By the way, it is not difficult to identify leaders who care about doing their job objectively – and building the institutions of their country – from those that just want to curry favor with their supervisors.
Listen to their speeches: those who spend a great deal of time praising their leadership usually fall into the second category. Thus, the focus by leaders on building power over effectiveness has led to a failure to build strong civil institutions. The state revolves around a person or a group, not around the needs of
the broader society. This is the “Personalization of the State,” with the leader becoming the state, a Middle Eastern interpretation of “l’etat c’est moi.” In Libya, 42 years of rule by Gaddafi, representing the state in almost every sense, resulted in desolation. A country with millions of citizens aspiring to live in dignity witnessed little development in its civil institutions.
When Gaddafi was swept away, there was no state around which people could rally. In many third world countries including states, diversity should have been a source of strength. Instead, it was viewed by the leadership as a threat. Again, the institutions of civil society were kept weak while the security apparatus gained power. Indeed, one can devote an entire lecture on the consistent inability of Arab societies to embrace the diversity within them and to build on it. Instead, a regrettable number of communities have focused on insulating themselves from others. (This is manifested in so many ways: as Kurds, Sunnis or Shiites in Iraq; as Muslim or Coptic in Egypt; as Arab or Mazices in Algeria; as Sunni or Shiite across the Gulf; and as many of those combined in the incredibly diverse Lebanon).
The personalization of the state is of significant importance on many levels. Locally, it leads to bad services for citizens. But on a more macro level, consistently weak institutions create weak states, with citizens that neither trust the state nor feel loyalty to it. You need citizens who believe in the nation in order to build it. So a weak judiciary leads to citizens that cannot depend on the unbiased enforcement of laws, who seek alternatives to protect their rights and who thus question the supremacy of the law. It is therefore not surprising that Arab states fare poorly in the rule of law index published by the World Justice Project.

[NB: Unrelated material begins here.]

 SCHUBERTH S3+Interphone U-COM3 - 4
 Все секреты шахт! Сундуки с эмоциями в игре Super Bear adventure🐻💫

Likewise, a poor health care system leads citizens to find alternatives and to feel that their state is not satisfying their needs. Where the state’s institutions are not capable of satisfying the needs of citizens, alternatives will present themselves. Thus Islamic groups – on both sides of the equation – stepped into the void created by weak state institutions in many Arab states. Weak states with weak institutions have opened the door for the chaos that we see around you.
The conclusion of the consistently weak institutions of the Middle East is that we are witnessing the systematic destruction of the nation-state, leading to a series of humanitarian and other catastrophes that are engulfing the region and spilling over into Europe and the rest of the world. There are many causes for these catastrophes, but a major one is the fact that the Arab world failed to create the state with strong institutions, with institutional memory and responsibility, with independence and competence, and all the other attributes of strength and stability.
Instead of building a state, Arab systems, concentrated on building narrower institutions run by loyalists. In Arabic, the differenc is between “Nitham” and “Dawleh,” or roughly translated, the difference between a regime and a state.
I will not dwell on the difference between the regime and the state, since you are all experienced public servants. Suffice it to say that the imperative driving regimes is self-perpetuation and not democracy, fairness or objectivity. Regimes often undermine the strength and independence of institutions and subjugate them, while states seek to build them.
So what will happen to the Arab World, with its weak institutions and weakening states? What will happen to the countries, like Jordan or the GCC states? They have to adopt new policies and methods to transform their societies and reform their countries. Hopefully, they will be strong enough to withstand any shocks that may come their way. We are seeing very important reforms in many of these countries; notice, however, that these reforms are rarely about political or democratic inclusiveness. They are about economic efficiency, which is a worthy goal but ultimately not sufficient.
Young populations with access to social media are increasingly aware of their rights; it will be important for the stable countries of the Middle East to ensure that they can give a voice to these populations. What will happen to those countries engulfed in conflict, such as Libya, Syria, Iraq or Yemen?
It is hard to say, but I fear that the picture is not bright.